Bien sûr, la France n’est pas seule à légiférer dans ce sens. La Belgique, l’Espagne, l’Allemagne, l’Angleterre, et même le Canada connaissent des régimes similaires. Mais comme l’a souligné Christine Chanet, conseiller à la Cour de cassation et présidente de la commission de réflexion sur les peines d’interdiction du territoire : « C’est notre pays qui l’applique de la manière la plus rigoureuse ». Faut-il rappeler que cette loi transgresse la convention européenne des droits de l’homme ? « Les hommes ou les femmes politiques qui font ce pays, tu les prends un par un et on en a rencontré, que ce soit des députés, des sénateurs, des ministres, en tant qu’individus, lorsque tu leur racontes ce que c’est humainement, ils sont écœurés. Et l’amalgame dans l’esprit du citoyen lambda, c’est ça… « Un double peine, c’est un sans-papiers ». Non! Le double peine tel que nous l’entendons, tels que nous le vivons, c’est celui qui avait des papiers et à qui on les retire. Evidemment quand on lui retire ses papiers, c’est toute une vie qu’on lui retire. »
La double peine remonte à l’ordonnance du 2 novembre 1945. Elle donne la possibilité aux magistrats d’expulser les personnes étrangères ayant commis un délit. Cette ordonnance a été réaménagée plusieurs fois et notamment par la loi Chevènement de 1997, qui tient compte des attaches familiales et protège donc certaines catégories comme les conjoints de français ou les parents d’enfants français ou encore les malades atteints de pathologie grave. En novembre 98, Christine Chanet, dans un rapport remis au garde des Sceaux, Elisabeth Guigou, avait préconisé « l’interdiction absolue » des ITN à l’encontre des étrangers ayant vécu et ayant été scolarisés en France depuis au moins l’âge de six ans. La circulaire qui a suivi ce rapport n’a jamais eu véritablement d’effet sur les décisions prises par les magistrats. Ces derniers continuent à faire de l’ordonnance un usage immodéré, qu’il s’agisse de simples délinquants, de petits trafiquants ou d’étrangers en situation irrégulière.

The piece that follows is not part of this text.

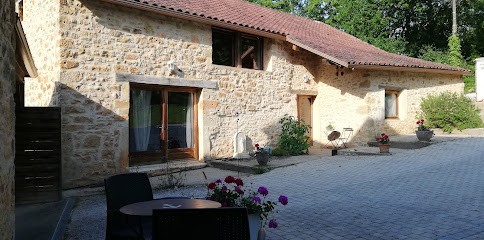 La grange, Gîte à Goujounac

1. Selon une étude de J. Sagliano, directeur de recherche en sociologie au CNRS, les expulsés sont majoritairement des hommes d’âge mûr, originaires d’un pays du Maghreb (75% d’entre eux), ayant vécu une bonne partie de leur existence en France. La plupart sont mariés ou vivent en concubinage (à hauteur de 68%) et ont souvent des enfants (62%).
2. Pour en savoir plus, le site du Comité National contre la Double Peine : www.unepeinepointbarre.org/ ou celui du MIB : http://mibmib.free.fr/
3. « Histoires de vies brisées » de B. Tavernier raconte l’histoire de dix grévistes de la faim, victimes de la double peine, à Lyon. Cela s’est passé en 1998. Rappelons aussi le documentaire de Valérie Cassalta : « Double peine, les exclus de la loi ». Outre les films, on peut aussi lire « Voyage au pays de la double peine » de Michaël Faure (éditions L’Esprit Frappeur). En musique, une compilation hip hop (« 11 minutes 30 contre les lois racistes ») réunit bon nombre de jeunes rappeurs dont Assassin, IAM, Djoloff, et Ministère A.M.E.R. Les droits sont reversés au MIB dans le cadre de ce combat pour l’abrogation.